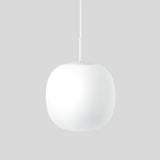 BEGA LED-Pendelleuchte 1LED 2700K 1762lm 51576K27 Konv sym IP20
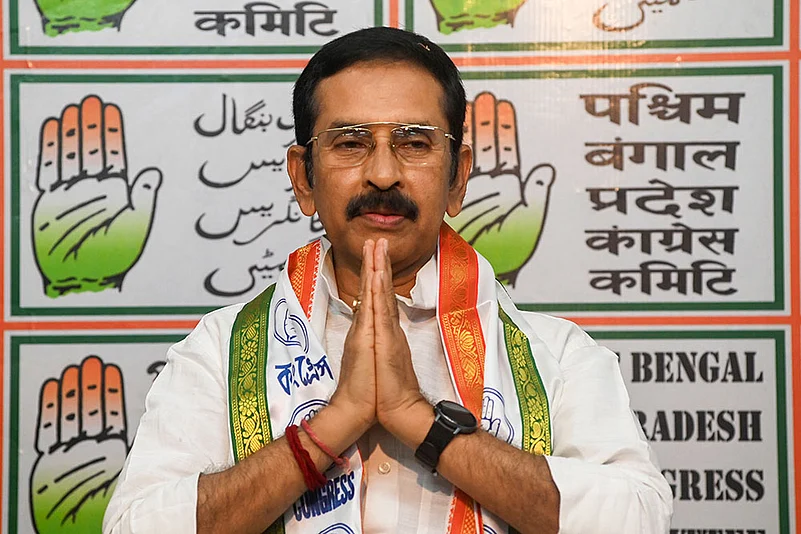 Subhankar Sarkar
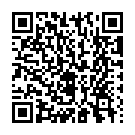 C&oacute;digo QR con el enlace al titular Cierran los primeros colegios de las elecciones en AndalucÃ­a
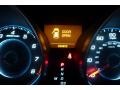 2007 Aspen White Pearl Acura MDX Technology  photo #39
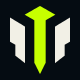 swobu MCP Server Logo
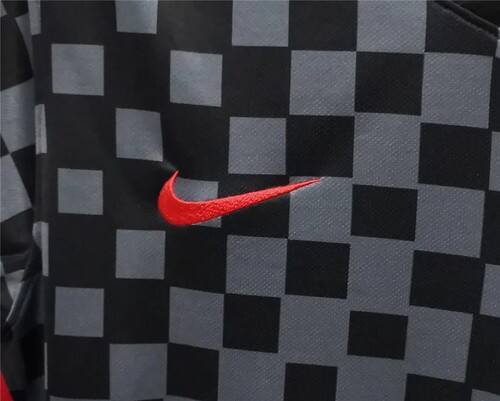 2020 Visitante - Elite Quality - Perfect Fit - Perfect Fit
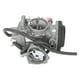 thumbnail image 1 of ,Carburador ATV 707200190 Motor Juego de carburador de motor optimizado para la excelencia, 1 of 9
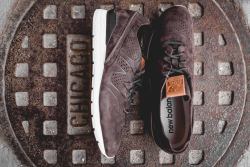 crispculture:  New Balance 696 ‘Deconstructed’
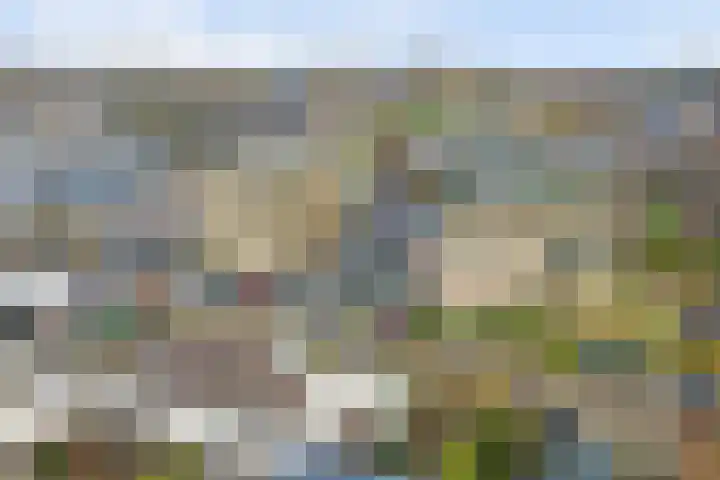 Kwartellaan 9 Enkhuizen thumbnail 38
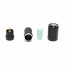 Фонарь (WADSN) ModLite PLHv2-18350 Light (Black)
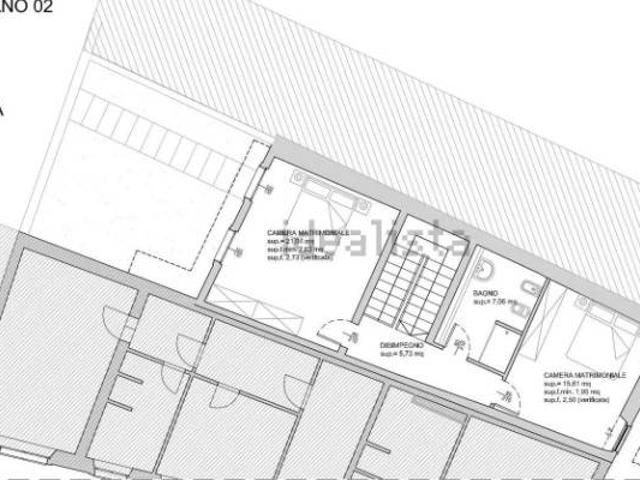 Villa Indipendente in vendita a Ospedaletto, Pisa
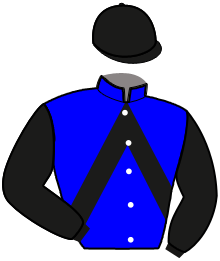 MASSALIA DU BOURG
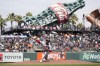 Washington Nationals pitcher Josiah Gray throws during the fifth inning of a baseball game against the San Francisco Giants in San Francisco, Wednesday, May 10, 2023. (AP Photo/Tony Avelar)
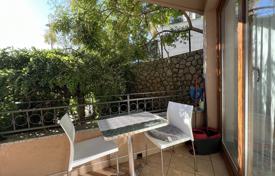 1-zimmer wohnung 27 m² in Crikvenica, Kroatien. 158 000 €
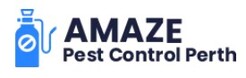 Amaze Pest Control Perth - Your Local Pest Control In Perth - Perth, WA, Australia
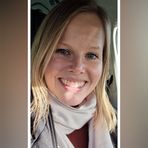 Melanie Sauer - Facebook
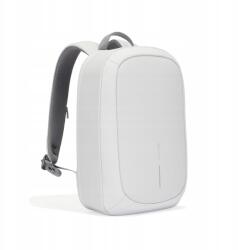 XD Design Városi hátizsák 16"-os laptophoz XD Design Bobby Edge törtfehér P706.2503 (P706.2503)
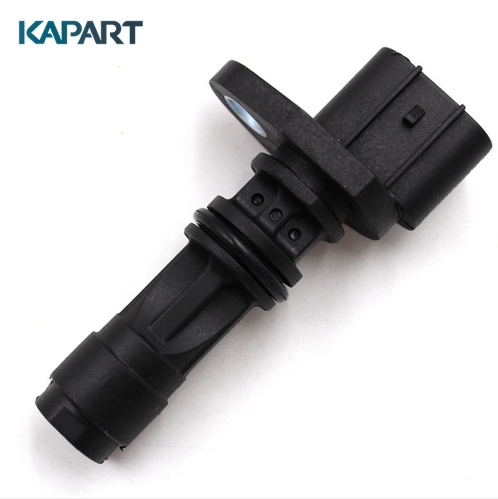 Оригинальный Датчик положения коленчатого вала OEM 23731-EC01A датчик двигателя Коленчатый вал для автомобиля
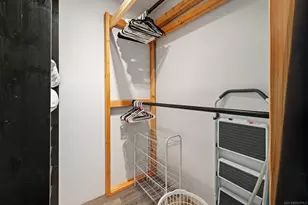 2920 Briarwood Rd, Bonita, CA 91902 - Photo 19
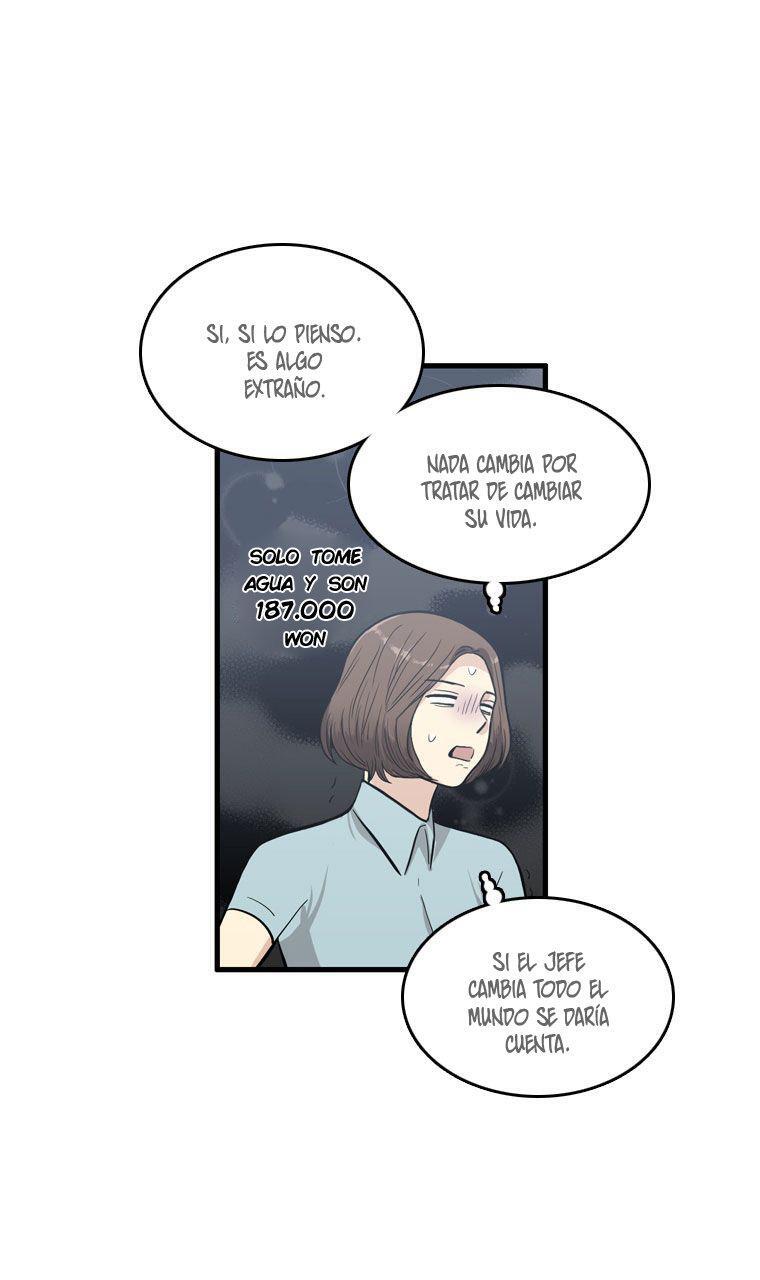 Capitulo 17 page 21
------
▶ _What you need to do_
Among the entries above, copy exactly the stretch from the line holding "C&oacute;digo QR con" through the line holding "MASSALIA DU BOURG", leaving out any pictures.

▶ _Task response_
 C&oacute;digo QR con el enlace al titular Cierran los primeros colegios de las elecciones en AndalucÃ­a
 2007 Aspen White Pearl Acura MDX Technology  photo #39
 swobu MCP Server Logo
 2020 Visitante - Elite Quality - Perfect Fit - Perfect Fit
 thumbnail image 1 of ,Carburador ATV 707200190 Motor Juego de carburador de motor optimizado para la excelencia, 1 of 9
 crispculture:  New Balance 696 ‘Deconstructed’
 Kwartellaan 9 Enkhuizen thumbnail 38
 Фонарь (WADSN) ModLite PLHv2-18350 Light (Black)
 Villa Indipendente in vendita a Ospedaletto, Pisa
 MASSALIA DU BOURG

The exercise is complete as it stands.